§ Dataset:
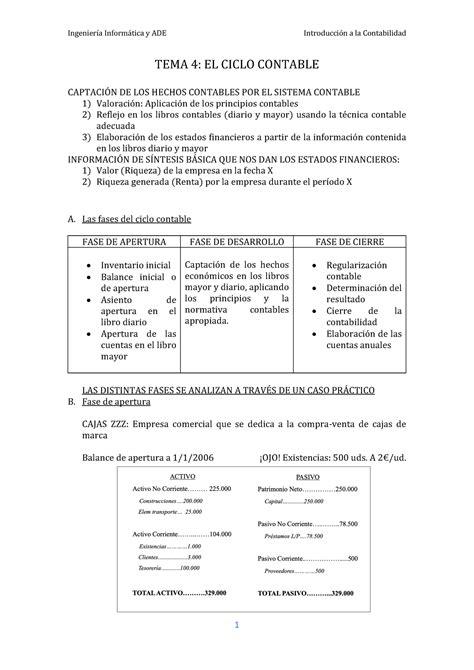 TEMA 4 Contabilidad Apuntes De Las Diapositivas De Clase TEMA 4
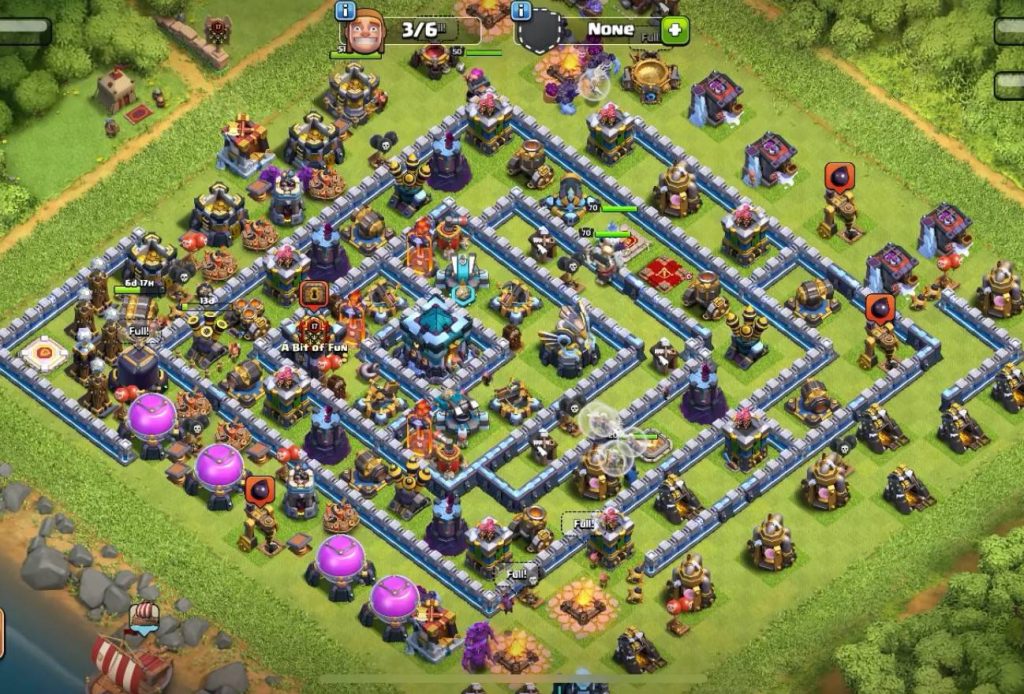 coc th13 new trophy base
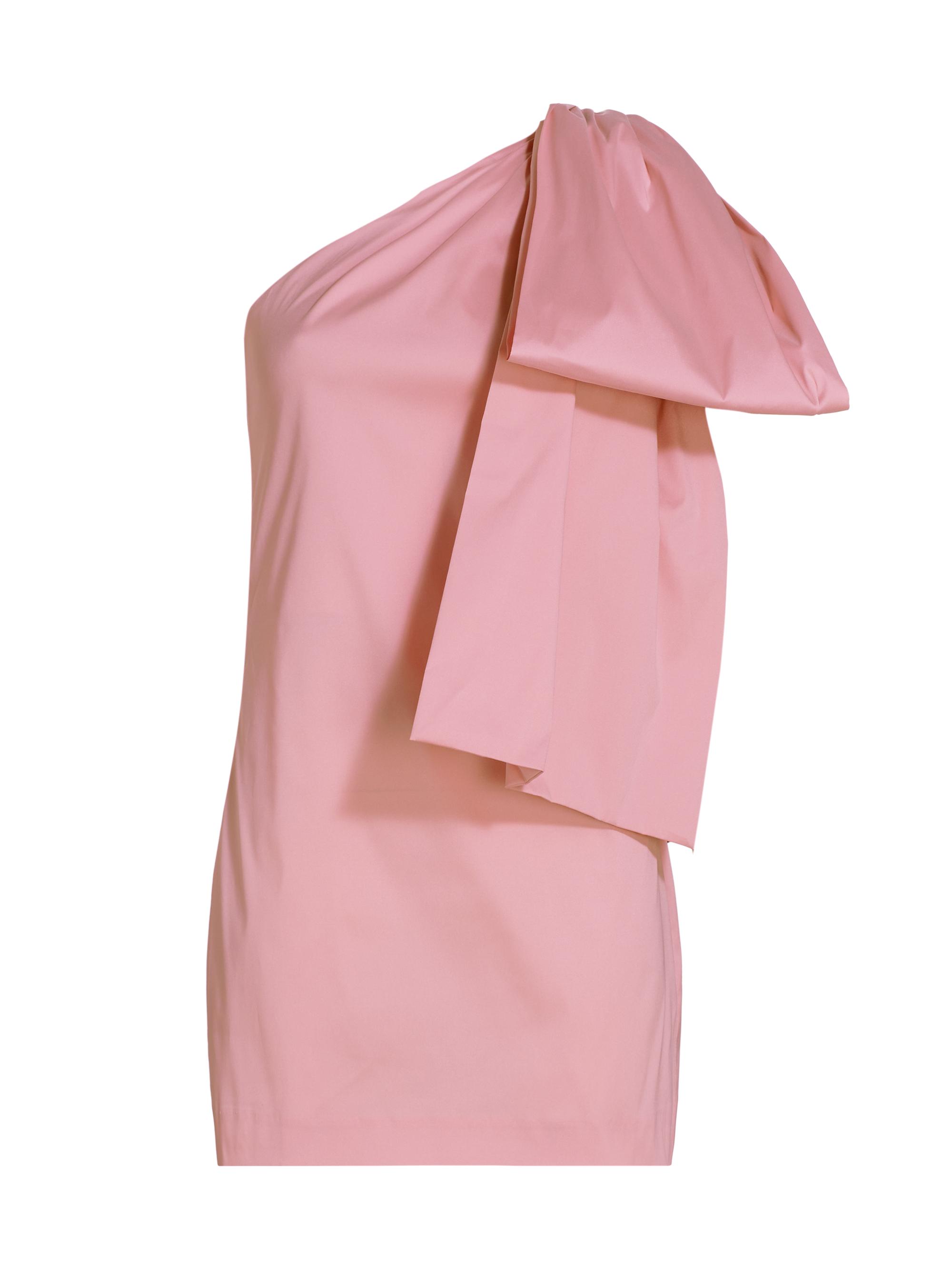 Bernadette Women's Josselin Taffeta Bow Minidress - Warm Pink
==
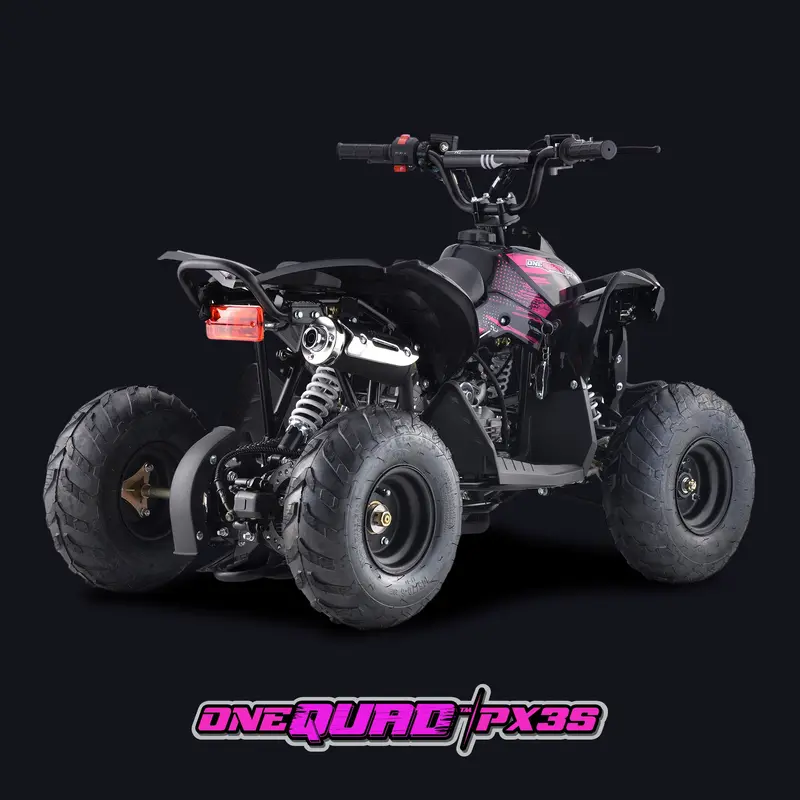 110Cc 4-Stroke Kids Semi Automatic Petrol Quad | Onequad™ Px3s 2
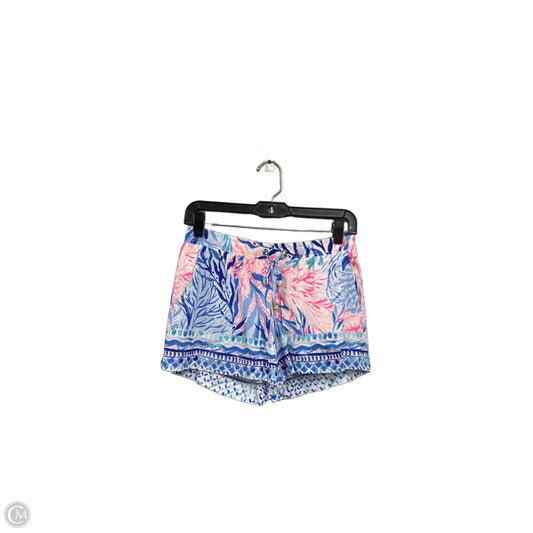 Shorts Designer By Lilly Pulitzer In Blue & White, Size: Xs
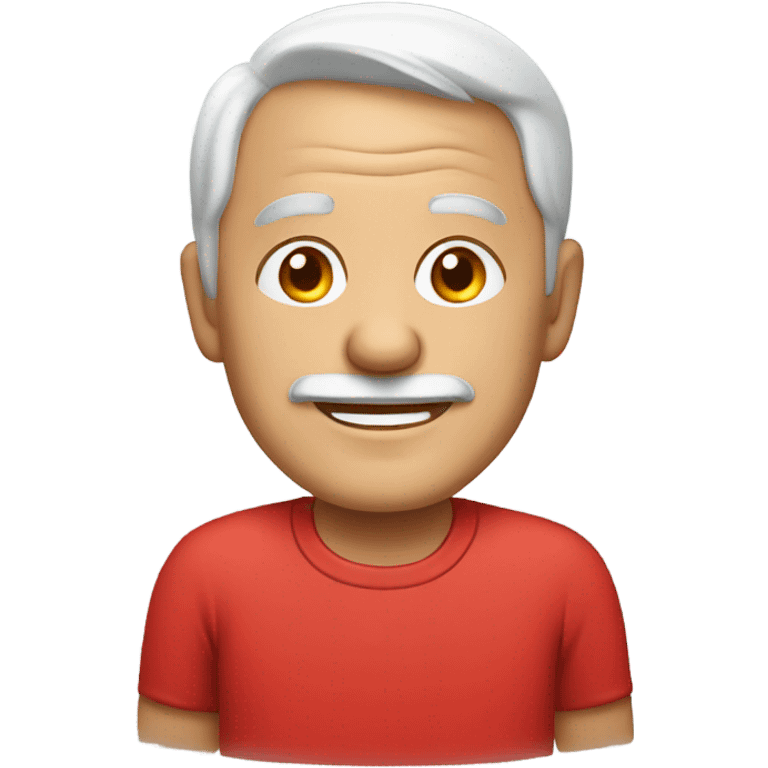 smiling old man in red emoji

§ Work required:
Up in the listing, locate the line with "TEMA 4 Contabilidad"; print it and every line after it down to the line with "Bernadette Women's Josselin", which is included too. Skip the pictures.

§ Exercise answer:
 TEMA 4 Contabilidad Apuntes De Las Diapositivas De Clase TEMA 4
 coc th13 new trophy base
 Bernadette Women's Josselin Taffeta Bow Minidress - Warm Pink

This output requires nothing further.